Wisdom from Martin, 2018

The Zen master Thich Nhat Hahn taught people to take good care of their anger, not to push it away but to hold it with kindness, as we would a wounded child. This is a pretty good description of the practice of mindfulness: we offer ourselves the gift of nonjudgmental awareness. This is awareness is much more spacious and warm than our thinking. It is present and alive and forgiving, not stuck in the past or projecting into the future. We need the gift of this awareness now more than ever.

I’vey told this story before in this space. But it’s worth repeating. I once met Thich Nhat Hahn. We sat together in a small room in the Riverside Church in Manhattan, soon after the attacks of the terrorist attacks of 9/11. The great teacher had just finished a protest fast and sat looking very still and small and grave on the floor before me. He had just published his book Anger, and I was there to ask him about that particular emotion. But like everyone else I knew in New York, I was alternately cold and feverish with fear and sadness and uncertainty about what would come.
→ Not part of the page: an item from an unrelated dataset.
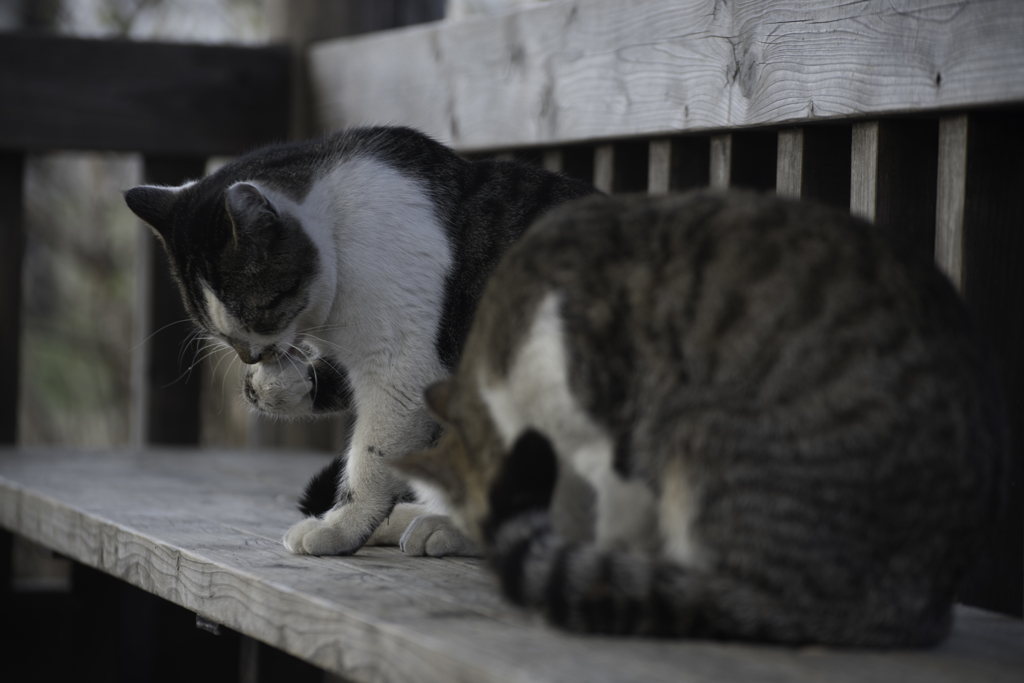 春の陽気と猫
I asked him again and again how we could live with fear. He spoke a bit about holding anger. About the rest, he was still.

Next to the great Zen teacher sat the diplomat and pastor Andrew Young, who was a friend of Martin Luther King, jr. (King nominated Thich Nhat Hahn for the Nobel Peace Prize). I circled round and round about fear.  Finally, Young asked Thich Nhat Hahn if he might say something to me. It could have been projection on my part, but I detected an almost imperceptible smile of relief on the great monk’s face.

Young told me that he marched with King. He told me that his friend Martin knew that he might die.  Yet he reached a point where he laughed at dying. He made jokes about it.  He would say things like, “Andrew, I think they’re going to kill you today.  But don’t worry. I’ll preach a most wonderful eulogy at your funeral.”

How did this great man reach this state of fearlessness? “He knew what was important, and he made sure he did it every day,” Young told me. Young sat forward as he told me this, emphasizing that he was talking about a living reality, not just a nice thought. Martin Luther King, Jr. sought to live in the light of the truth.  He walked with it.

“Martin knew that death could never destroy who he really was,” Young said to me that day in the Riverside Church.  “Death can never destroy who you really are.  Suffering can never destroy who you really are.”  Martin Luther King, Jr. knew that we are more than we think we are. He knew truth is more than we think it is at any given moment.

After than encounter, I was so deeply moved that I read the sermons and speeches of Martin Luther King, Jr. Here is one snippet from a sermon in 1968: “You may be 38 years old, as I happen to be. And one day, some great opportunity stands before you and calls you to stand up for some great principle, some great issue, some great cause. And you refuse to do it because you are afraid.”

These words toll like deep bells for us today because we hear them as a foreshadowing of what would happen to this great man.  But the truth remains that Martin Luther King, Jr. understood fear. You might say he held in the light of a greater awareness, a truth beyond thought.

“Though I walk through the valley of the shadow of death, I will fear no evil; for though art with me.” He would know those words by heart. Yet in every tradition, including Buddhism, there are beings who accompany us in the dark places and times of unknowing. And what if we brought them down to the scale of a moment, the scale of the next breath?  What if today and in the days to come, we give the gift of nonjudgmental, caring attention to ourselves and the people around us? What if we aspire to give ourselves to a greater truth? We can take it breath by breath, step by step.